Thanks for your patience while I've had to devote myself to science for a bit! But now back to playgrounds, and specifically to our discussion of this idea of playground preservation.
Fully realized landscapes for play (as opposed to sets of equipment) from the last mid-century, whether well-known ones like Richard Dattner's, or La Laguna Park, or more obscure sites like Fayetteville Arkansas' Wilson Park, are quite rare. That means if your community has one you should absolutely be taking pains to preserve it! But it also means that most communities are dealing with, at most, the preservation of worthwhile vintage play features, rather than entire landscapes, and that's rather an easier task.
To illustrate, I present to you the case of Tommy the Turtle.
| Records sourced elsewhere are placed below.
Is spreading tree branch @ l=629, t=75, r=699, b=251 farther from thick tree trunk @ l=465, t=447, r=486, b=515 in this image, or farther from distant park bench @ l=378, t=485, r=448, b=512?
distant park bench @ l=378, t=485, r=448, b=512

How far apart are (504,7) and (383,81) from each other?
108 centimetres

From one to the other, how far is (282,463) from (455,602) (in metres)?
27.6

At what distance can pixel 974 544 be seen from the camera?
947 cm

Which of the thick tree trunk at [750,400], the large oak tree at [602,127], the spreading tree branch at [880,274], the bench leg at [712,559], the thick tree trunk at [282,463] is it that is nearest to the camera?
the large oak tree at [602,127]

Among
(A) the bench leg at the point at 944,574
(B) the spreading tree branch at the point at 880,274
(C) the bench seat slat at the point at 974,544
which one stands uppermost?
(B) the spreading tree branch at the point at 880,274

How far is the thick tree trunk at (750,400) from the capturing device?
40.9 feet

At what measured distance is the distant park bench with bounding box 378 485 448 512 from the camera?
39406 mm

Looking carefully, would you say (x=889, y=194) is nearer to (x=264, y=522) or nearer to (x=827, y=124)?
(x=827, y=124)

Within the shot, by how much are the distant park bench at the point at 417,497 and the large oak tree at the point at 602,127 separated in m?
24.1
Note the price: $350.00 with delivery! |
A modernist concrete turtle was one of the play sculpture offerings of the Creative Playthings company in the 1950s and 1960s (in researching this post I was thrilled to find that Mondo-blogo has posted the entire 1956 Creative Playthings play sculptures catalog online...hooray!) Designed for durability in reinforced concrete and constructed as a 'tent' so that children could play under as well as on it, the turtle became one of CP's most popular playground features: its realism was more attractive to buyers than their more abstract offerings, like amorphous climbing stalactites.
The turtle's compact size led to installations, including the companion baby turtles, not just in designated playgrounds but in front of stores and restaurants and along streetscapes (a notion of distributed play space that needs to be revived!). And their concrete durability means that many of them have survived into the twenty-first century.
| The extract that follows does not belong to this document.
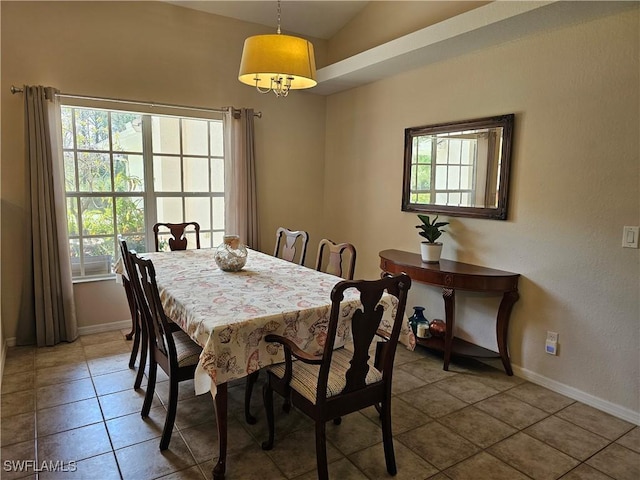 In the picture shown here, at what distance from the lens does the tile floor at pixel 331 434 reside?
2.04m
But not enough...a fan of the turtle "formerly in the courtyard of Belair Shopping Center" in Bowie, Maryland has created a facebook page devoted to its memory, to which many have contributed their own photos of present and past "Tommy the Turtles".
I want to point out, again, that creators of public space must take seriously the accumulated fondness of a community toward features such as these. Even leaving aside the fact that the Creative Playthings turtles are now bona-fide artifacts of mid-century design, why tear out something that has proven its value for something that people might, but might not, have the same fun with? And which certainly, won't have the same my-mom-played-on-this-turtle-too community memory.
Unless deterioration is simply too far advanced, there is absolutely no reason why a worthy vintage playground feature can't be worked into a new landscape or playground scheme. At the very least, they should be relocated rather than scrapped. In perusing a public google map to track the locations of concrete play turtles, both those that are still in place and those that are just a memory, I was disappointed to find that one had been removed for a new playground by a firm that has been featured on this blog (you know who you are, and I want to know what you did with Tommy!).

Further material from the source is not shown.